Pas trop compliqué, en terre de rugby, de se lancer dans un tel projet ?
Ici, c’est incroyable, il y a 1500 licenciés foot rien qu’à Bayonne, avec le club des Croisés. Nous, on est déjà pratiquement 800. Et dans le bassin, il y a la JAB (Biarritz), les Genêts d’Anglet, Saint-Jean-de-Luz, etc. Le territoire est vaste, riche. On dépasse le nombre de licenciés rugby.

« Je ne me serais pas engagé si je n’avais pas senti une adhésion »

Avec Cherif Djema, le nouveau recruteur. Photo ABFC.

Votre proche voisin, les Genêts d’Anglet, évolue dans votre poule de National 3 : peut-on envisager un rapprochement entre vos deux clubs pour toucher le professionnalisme ?
(Catégorique). Non. Ce n’est pas une bonne idée. Chacun doit garder son identité. Nous devons être des adversaires loyaux, disputer des derbys comme on le fait actuellement. On a voulu rapprocher les deux clubs de rugby, mais chacun a son histoire. Nous, on ne veut écraser personne. On veut juste devenir une locomotive. On veut être champion de notre poule cette année, forcément. On n’est pas sûr de réussir. Anglet, on le sait, aura son mot à dire aussi et a des ambitions : ils ont fini 2e la saison passée (les deux clubs ont chacun perdu lors de la journée inaugurale, samedi dernier, en N3).

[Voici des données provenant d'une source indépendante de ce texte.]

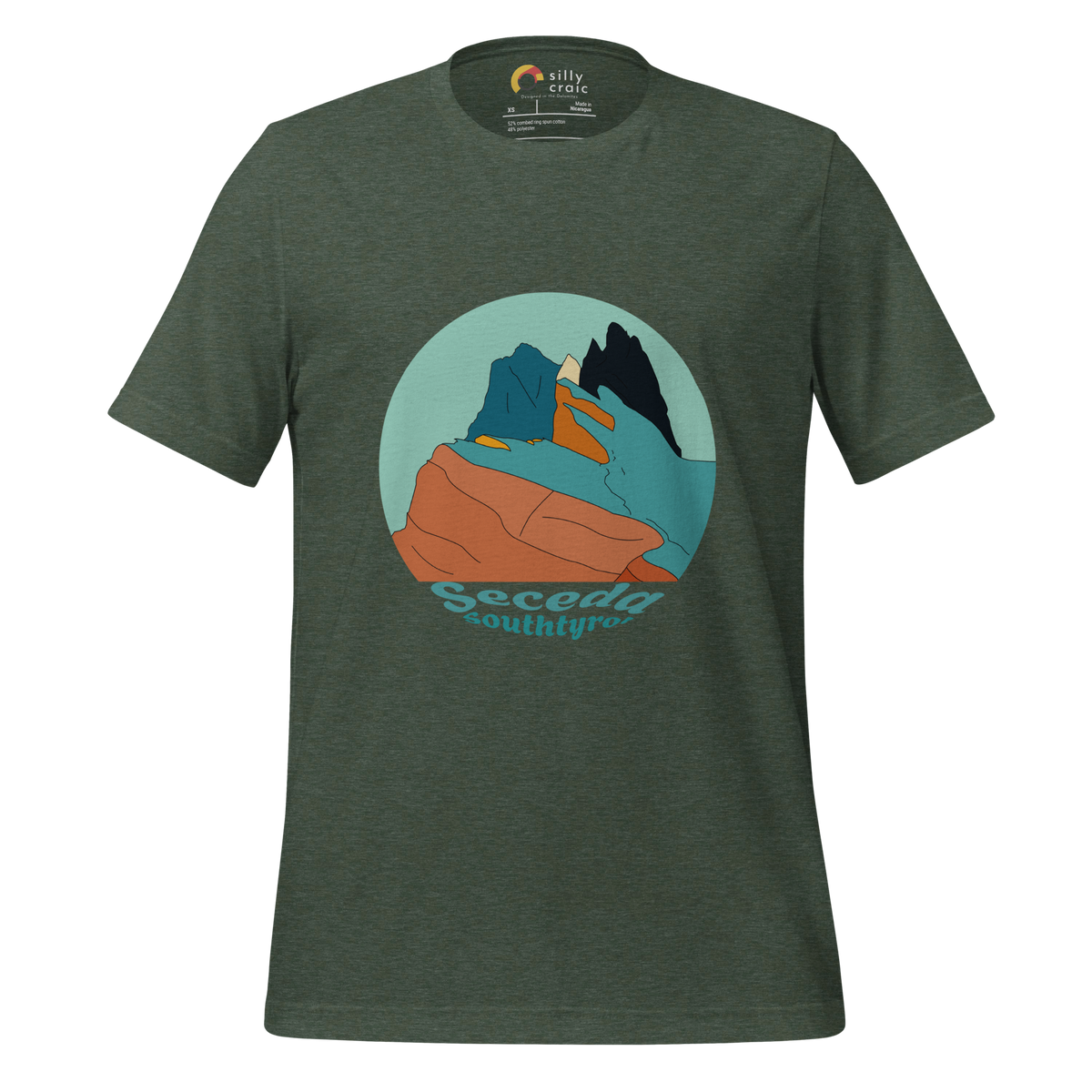 Seceda Retro men's t-shirt in Heather Forest – front print design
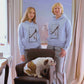 LIGHT BLUE Hoodie with a Frame Print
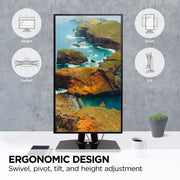 ViewSonic VP2456A 24-Inch 1080p IPS Monitor, ColorPro 100% sRGB, Pantone Validated, 120Hz, USB-C with 90W Power Delivery, HDMI, DisplayPort, Ergonomic Stand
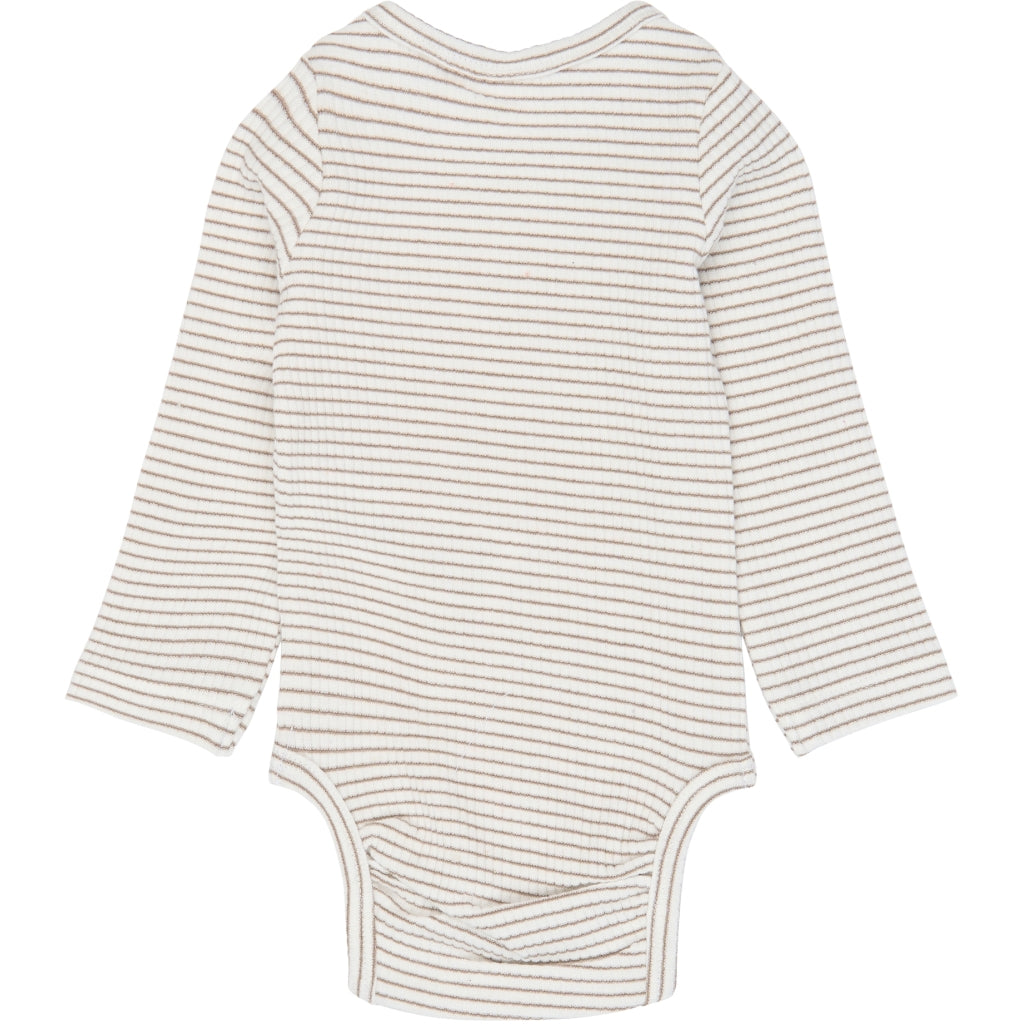 THE NEW SIBLINGS TNSBVitus Langærmet Rib body Bodystockings Taupe Gray Striped TN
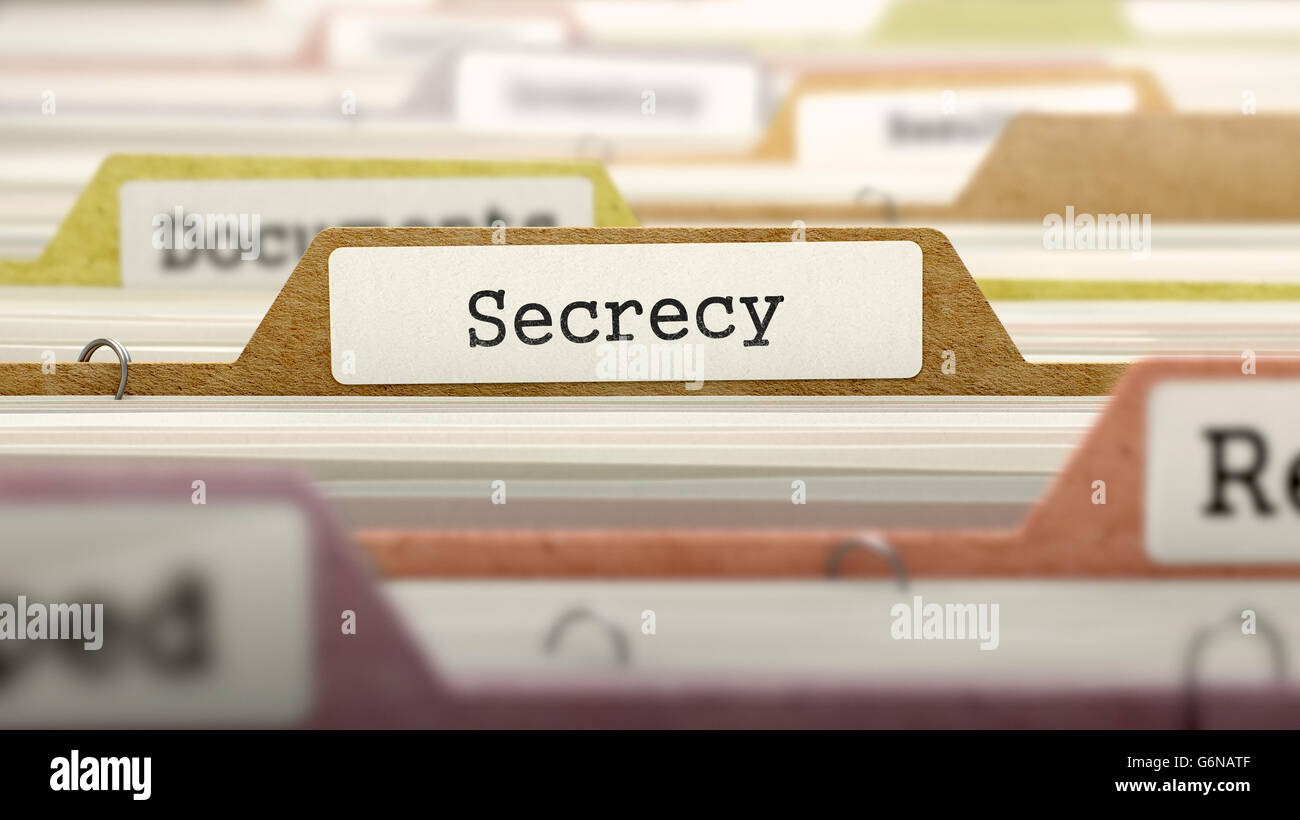 Secrecy Concept on File Label. Stock Photo
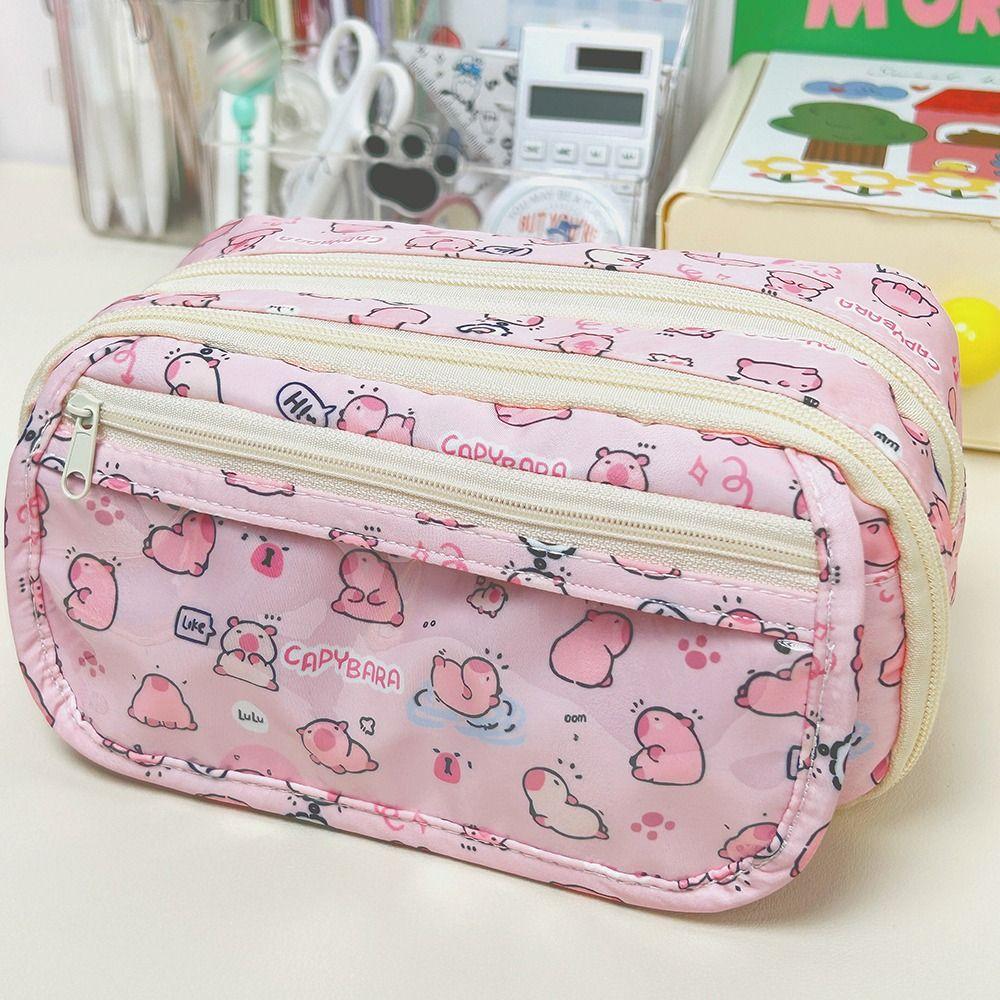 

Large Capacity Pen Bag Three-layer Stationery Bag Minimalist Storage Bag Gift 01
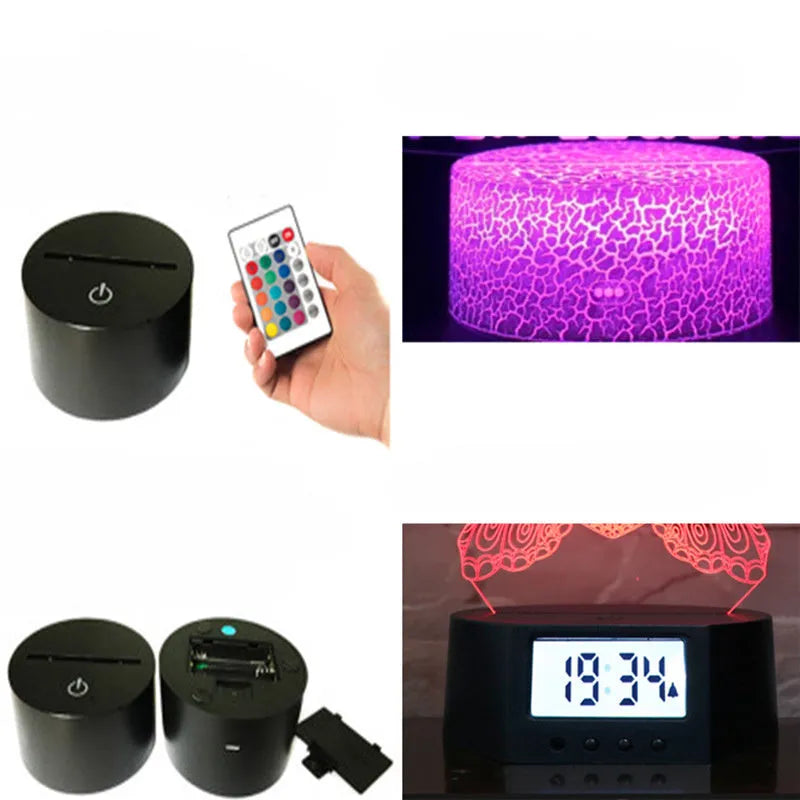 Small 3D shark-shaped LED table lamp with colourful lighting on a black ABS base.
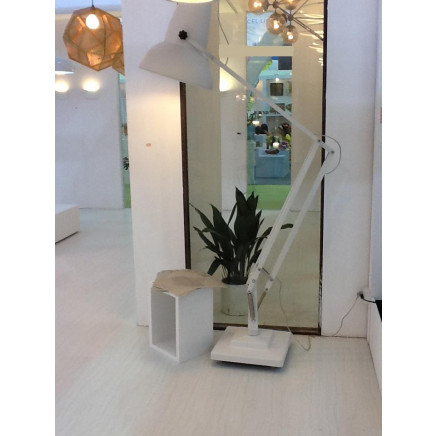 Modern White Aluminium and Carbon Steel Uplight Floor Lamp (2155F)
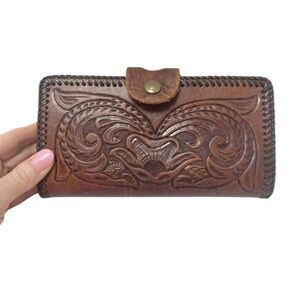 Vintage Western Hand Tooled Whipstitched Bifold Brown Wallet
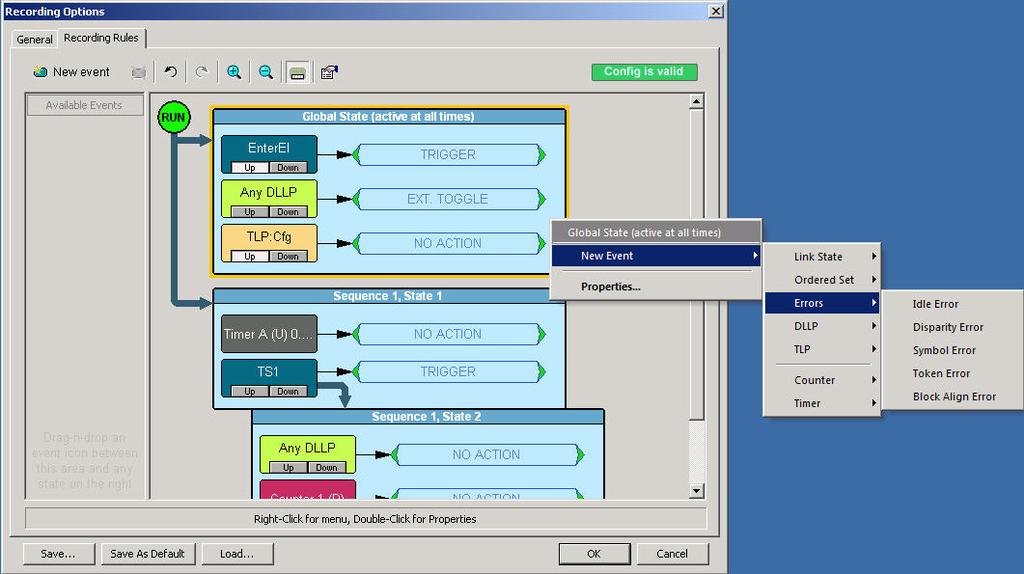 LeCroy Corporation Defining Recording Rules Defining Recording Rules The Recording Rules page is used to set triggers and filters.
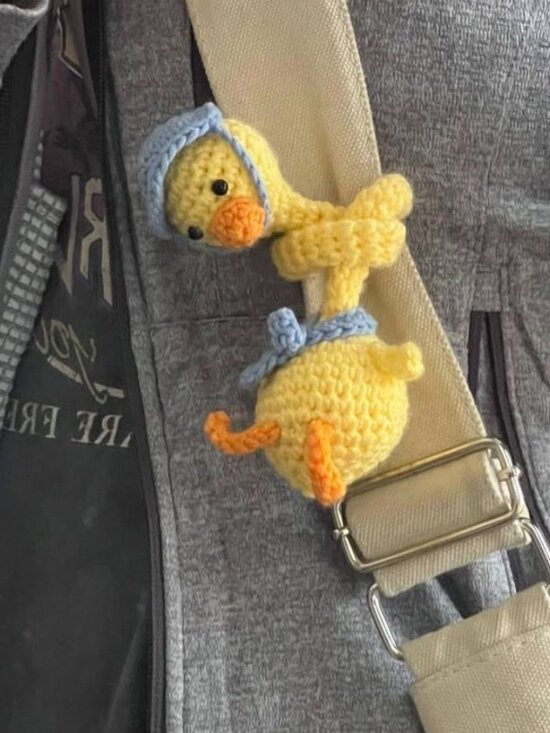 Other - Cute Long-Neck Crochet Duck Plush - Handmade Yellow Duckling Bag Charm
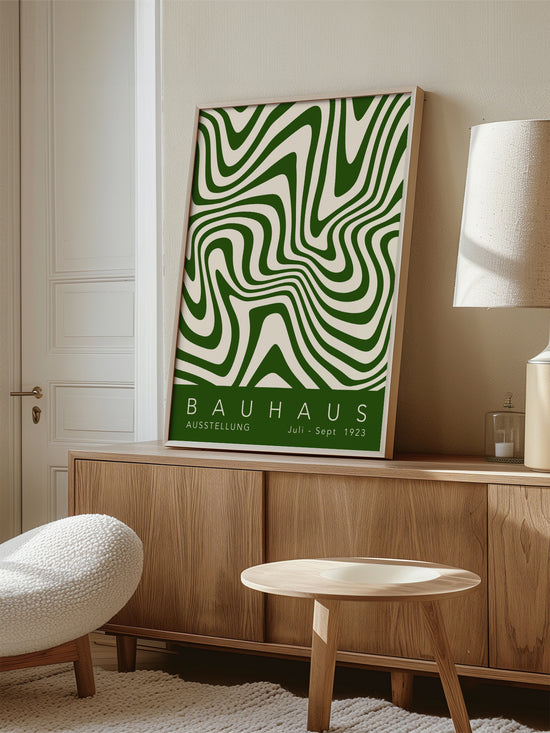 Green Wavy Bauhaus Poster | Digital Download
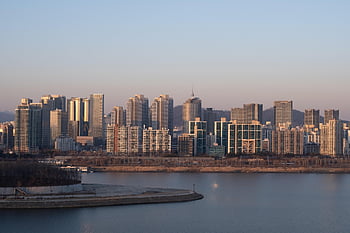 Budynki, wieża namsan, Miasto, architektura, Droga, rzeka Han, poświata, Seul, Korea, Republika Korei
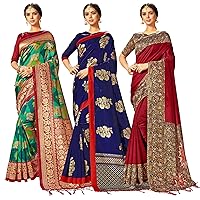 Elina fashion Pack of Three Sarees for Women Mysore Art Silk Printed Indian Wedding Saree | Diwali Gift Sari Combo
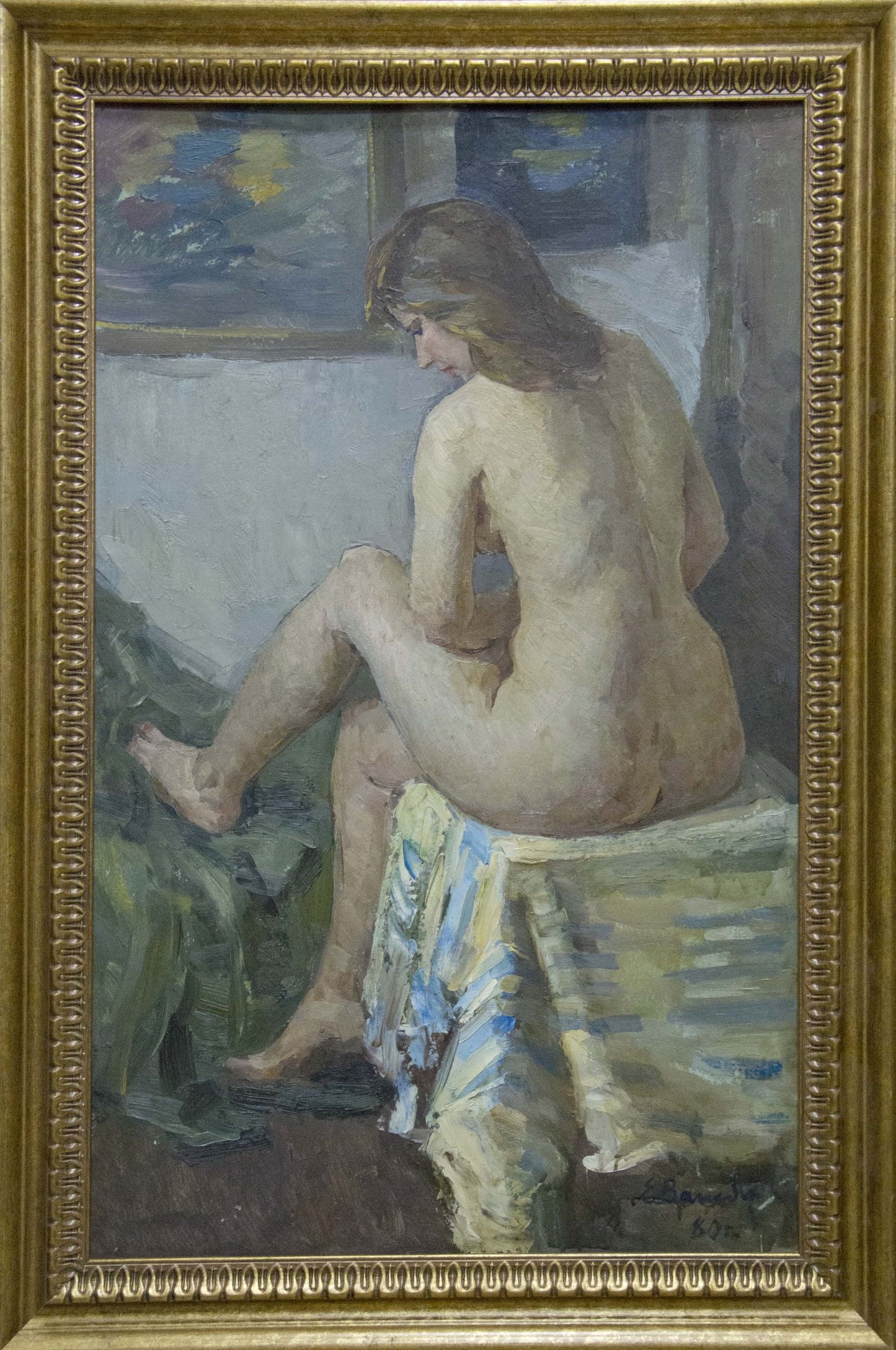 Framed nude portrait of girl by Vaysburg Yefim Yefimovich oil painting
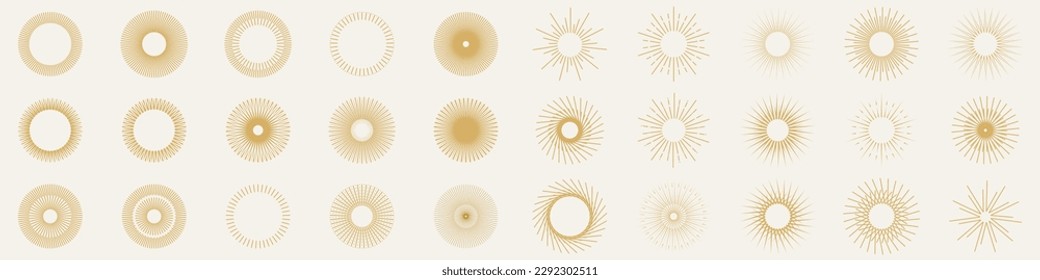 Sunburst set. Collection sunburst. Star, firework explosion, logo, emblem. Linear style. - Vector illustration EPS 10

Sentez-vous que votre projet a été accepté ici, à l’Aviron Bayonnais, auprès de tous les gens du club ?
Cela s’est fait par étape. On a pris le temps. Avec Lausséni (Sangaré), on a pris le temps d ‘expliquer les choses, de présenter le projet, qui a été validé. Les gens adhèrent. De toute façon, je ne me serais pas engagé si j’avais senti que ça allait être compliqué ou que les gens ne voulaient pas construire un vrai projet. Et au contraire, aujourd’hui, je suis conforté dans ma décision, car beaucoup de personnes ont envie d’accompagner ce projet. J’ai l’impression que chaque petite main participe à ce projet collectif.

« Avant de demander, il faut prouver »

Pas de rapprochement avec Anglet, d’accord, mais allez-vous vous inspirer du Pau FC, qui parvient à s’installer en Ligue 2 depuis 2020 ?
Le Pau FC peut être un exemple, un modèle, oui. Ils font un bon travail, ils ont bien avancé, ils se sont bien développés, ils ont un joli petit stade. Mais Pau, c’est le Béarn. Et Bayonne, c’est le Pays Basque.

Oui mais le Pays Basque, ce n’est pas que Bayonne…
Justement, c’est pour ça, on un bassin énorme. Vous savez que 19 % des abonnés à La Real Sociedad (le club de Saint-Sébastien, qui évolue en Liga espagnole, n’est qu’à 50 kilomètres) sont français ?! Il y a ou il y a eu beaucoup de clubs pros en Liga espagnole dans le pays basque (Osasuna Pampelune, Eibar, Athlétic Bilbao, Real Sociedad, Alavès…). D’ailleurs, on est partenaire de l’Athlétic Bilbao.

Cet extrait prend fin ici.